They Come in All Colors
Page 13
**Plus reopening of pool by 8/6.
***Reward should be ready with any luck the last week of August.
It was straight enough. I followed after Dad.
How ’bout now, Pop?
Still pink.
Dad hadn’t even looked. He stood there with one hand in his pocket and the other twirling his key ring as Mister Brines pulled down a dive mask from a shelf behind the window display inside his shop.
Wanna go in?
I shook my head no.
Aw, c’mon. I thought you said that cheap rubber gasket on your dive mask had started to crack.
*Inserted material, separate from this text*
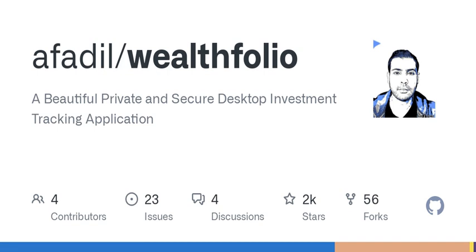To get started with Wealthfolio app, you will need to have Node.js, PNPM, Rust, and Tori installed on your machine. You can easily install the app by cloning the repository from GitHub and running the necessary commands to set it up.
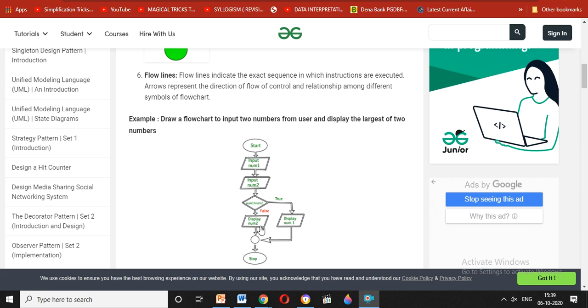For example, if number 1 is 7 and number 2 is 6, then the condition is true. If the condition is false, then number 2 is greater. This demonstrates how the decision box works with true and false paths.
A boy needs a working dive mask—well, don’t he?
I shrugged. It’s okay.
Dad rested a heavy hand on my shoulder. Aw, what am I saying? You’re probably just down about your mother and me, aren’t you? It’s no wonder. The trick is to get her off the sofa and back into our bedroom. Then things have a chance of returning to normal. But what on earth will accomplish that, is the question? I’m open to suggestions.
I dunno. Maybe apologize and ask Toby to come back? Short of that, she probably just needs to get out of the house more.
Dad sighed. There’s no sugarcoating it, is there? Hell, who am I kidding? You probably miss him, too. It’s not your fault. Known him your whole life. Probably can’t help but feel some affection for the man. After all, he was like a big brother to you.
No, he wasn’t.
Well, all I’m saying is that it’s not your fault. So don’t feel bad if you do.
I don’t.
Only stands to reason. Hell. I probably would, too—if I were you, I mean. He was always nice to you.
Never let me ride on the tractor.
That was because of me.
I looked up, surprised.
Nothing for you to hold on to.
Missus Orbach appeared in front of Ivey’s—which was unexpected. We’d been sitting there, squinting in the sun coming over the buildings across the street, for a good half hour, and I hadn’t seen her go in. She set her shopping bag down and took a moment to straighten her dress and put on her sunglasses. I leaped into the air at the sight of Derrick emerging from the double doors behind her. No sooner did I have the D sound shaped in my mouth than Missus Orbach picked back up her shopping bag and said, Come along, boys. We don’t want to keep Danny waiting. Vincent, you’ve got your shorts? Don’t swing your goggles like that, Cal. You’ll break them.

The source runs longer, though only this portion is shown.